The news comes despite the company, that has been backed by billionaire Afterpay co-founder Nick Molnar, raising $US110 million ($A1578 million) in March 2022.

Linktree was recently valued at $1.78 billion and says it has 25 million users and is among the world’s top 300 most popular websites globally with 1.2 billion monthly views.

Brothers Alex and Anthony Zaccaria launched Linktree in 2016 and a third co-founder, Nick Humphreys, also came on board.

The firm reportedly has around 250 employees globally – after around 50 of them were sacked in the lay-offs.

In a statement to news.com.au, a Linktree spokesperson attributed the losses to the fact the company was in “a stage of hyper growth”.

Most of the money was spent on expanding into other world markets and marketing strategies to grow the ground.

“Our continued growth and focus on capital efficiency give us a clear path to profitability,” the spokesperson added.

This photo of office chairs being sold has been labelled as evidence of the tech meltdown by an entrepreneur.
This photo of office chairs being sold has been labelled as evidence of the tech meltdown by an entrepreneur.

The current market conditions have seen many tech companies, big and small alike, cut jobs or go under as they struggle to stay afloat in the turbulent market.

A month ago, an Australian entrepreneur pointed out a tragic photograph of an office chair graveyard in signs of mass lay-offs across the tech sector.

In November, delivery giant Deliveroo’s Australian branch went into administration as the firm failed to turn a profit. Also in November, cryptocurrency exchange FTX filed for bankruptcy.

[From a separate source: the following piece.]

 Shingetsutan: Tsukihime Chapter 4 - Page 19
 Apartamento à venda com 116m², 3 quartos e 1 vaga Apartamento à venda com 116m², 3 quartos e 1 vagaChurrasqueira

Then there was Metigy, an artificial intelligence platform, which made headlines for owing an eye-watering $32 million to investors due to its collapse.

A Melbourne-based e-sports company called Order, which raised $5.3 million in funding last year, also collapsed with liquidators seeking to sell the business urgently.

In July, Australia’s first ever neobank founded in 2017, Volt Bank, went under with 140 staff losing their jobs, while 6000 customers were told to urgently withdraw their funds.

Other failed businesses include grocery delivery service Send, which went into liquidation at the end of May – after the company spent $11 million in eight months to stay afloat, and a Victorian food delivery company called Delivr that styled itself as a rival to UberEats also collapsed in July as it became unprofitable.

Many Australian tech firms have also slashed their workforces in the hopes of saving money.

Cryptocurrency exchange Swyftx sacked one-in-five of its staff in August while a Brisbane-based business, a telecommunications and IT infrastructure company called Megaport, revealed that a whopping $1.6 million was spent paying out the 10 per cent of employees who had been made redundant.